In May 2016, with the full support of our executive team, we formally launched Care Opinion in NHS Borders. This involved an open invitation to all staff members to come along and hear more about Care Opinion and how it works, along with communication to patients and relatives through social media and local press. At that time we had 3 responders. I am absolutely delighted to say that we now have 132 responders across multiple disciplines and specialties. It is not uncommon for a single review to have multiple people responding both from a clinical and management perspective.

As our story numbers increase, staff tell us about how their morale is lifted by reading about patients’ experiences and their gratitude for the care we are providing. There is also growing recognition of the power of the patient voice in shaping changes to service and the real value this has.

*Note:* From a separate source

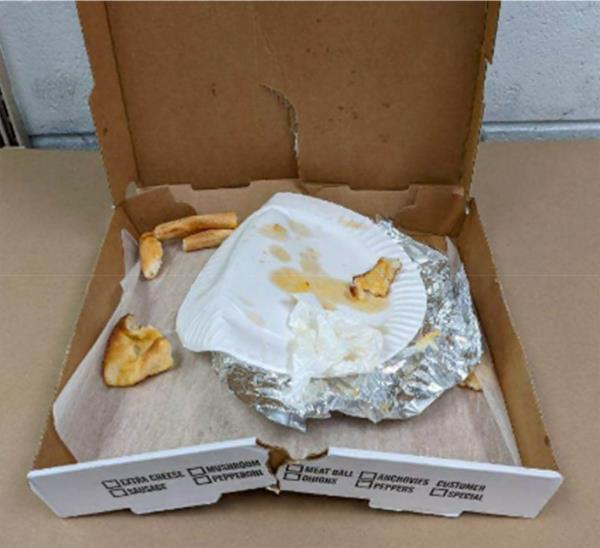 Discarded pizza box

As a clinical director, I have found Care Opinion to be an incredibly valuable tool

Ultimately, as a senior clinician and clinical director, I have found Care Opinion to be an incredibly valuable tool in hearing about our services directly from those who use them. If I was offering advice to clinicians planning to use CO within their own organisation, I would suggest the following:

  • Start small. Introduce CO within your own clinical area and then share the amazing stories you receive. (I would strongly suggest Twitter for this – be sure to tag your organisation and any interested exec team members). I also tweet about our negative reviews as I think it is important to show that we are an open organisation, listening to everyone and making changes.
  • Actively seek feedback. Hand out leaflets inviting patients to tell you of their experience. Put up stories that you have already received so people can read them and understand the process.
  • Involve clinicians of all disciplines. Your feedback will involve praise and occasionally criticism of all kinds of staff and it is great to have multiple clinical responders. Remember that the patient/relative wants to reach people involved in their care directly, unlike the complaints process which is a much more formal organisational response.
  • You will meet objections, particularly from senior medics. There is a great fear of negative feedback in the public domain. Remind doubters that all stories are moderated by the Care Opinion team, and there is no naming and shaming. Remind them also of the value of negative experiences in helping to redesign services for the better. And remember that the majority of stories told are very positive rather than negative.
  • Be personal in your responding. Although stories are anonymised, you may recognise a patient from the information that they provide. Humanity is incredibly important in your response and so it is okay to say sorry and to outline how you might wish to do things differently in future. Tell the story author about sharing their feedback with staff, and how this helps morale – because it really does.

So to conclude, I strongly recommend actively using Care Opinion to all heath care professionals interested in shaping the future according to our patients’ needs.